FAME 2022 : "Ce n’est pas un festival qui veut sauver le monde"

Publié le  16.09.2022

Du 19 au 24 septembre 2022, FAME entame sa première édition ! Organisé dans plusieurs lieux bruxellois (Riches-Claires, Tour à Plomb, KVS, Montagne magique, etc.), ce festival interdisciplinaire a vocation à faire dialoguer les arts de la scène et les féminismes. Au menu : des pièces de théâtre et de danse, des conférences, des ateliers et des cartes blanches données à des collectif·ves de la ville qui travaillent sur les questions de genre, queer, de précarité.

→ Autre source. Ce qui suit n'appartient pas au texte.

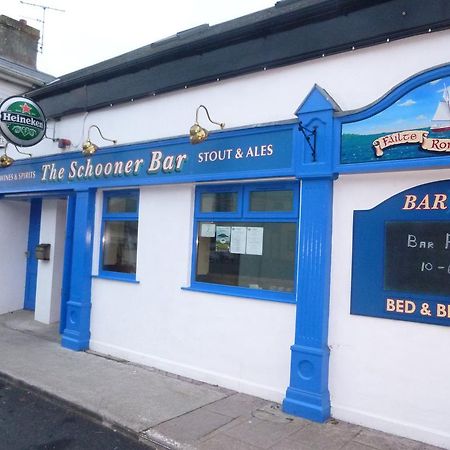 The Schooner Tavern Ballycotton Extérieur photo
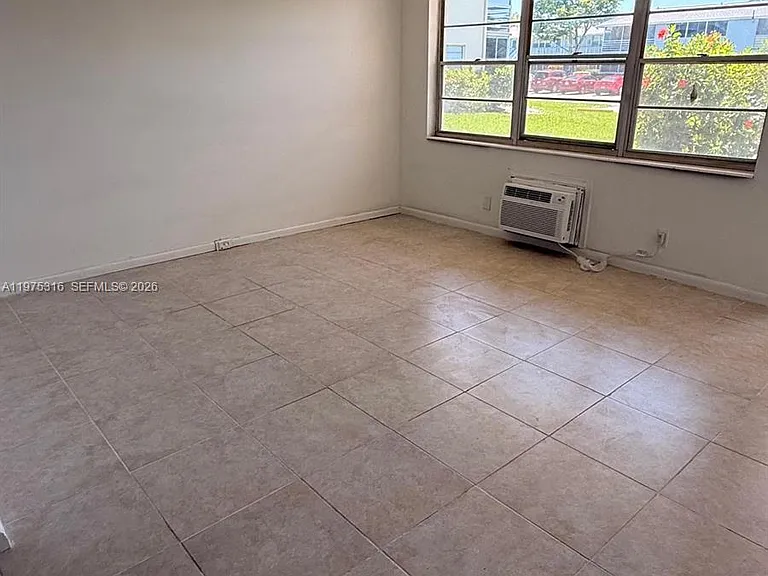 210 Canterbury Dr #1-J — Photo 6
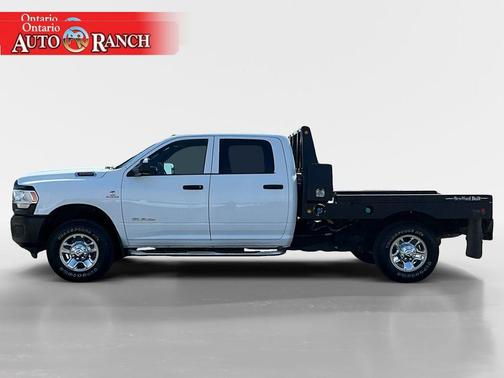 2022 RAM 3500 Tradesman Crew Cab 4x4 8' Box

Depuis le mois d’avril 2022, Aliette Griz a rejoint l’équipe du festival FAME, du côté des dispositifs de relations et de rencontres avec les publics, (qu’on pourrait résumer par le terme de « médiation » mais on ne le fera pas, parce qu’au FAME, on aime les mots et voir comment iels font ping pong entre nous). On aime que les visions s’élargissent et permettent d’être aussi, d’être avec, d’être encore. D’être plus. C’est dans cet esprit qu'Aliette a enfilé son costume d’auteurice pour décortiquer dans le Belazine, en 6150 signes espaces compris, l’acronyme du FAME en compagnie de Camille Khoury, la directrice artistique du festival. Ensemble, iels ont choisi de ne pas dérouler la progra mais de livrer, à travers cinq mots, comment le festival s’est conçu, et comment il s’est déployé, avec l’ambition de mettre en valeur le travail des femmes et minorités de genre.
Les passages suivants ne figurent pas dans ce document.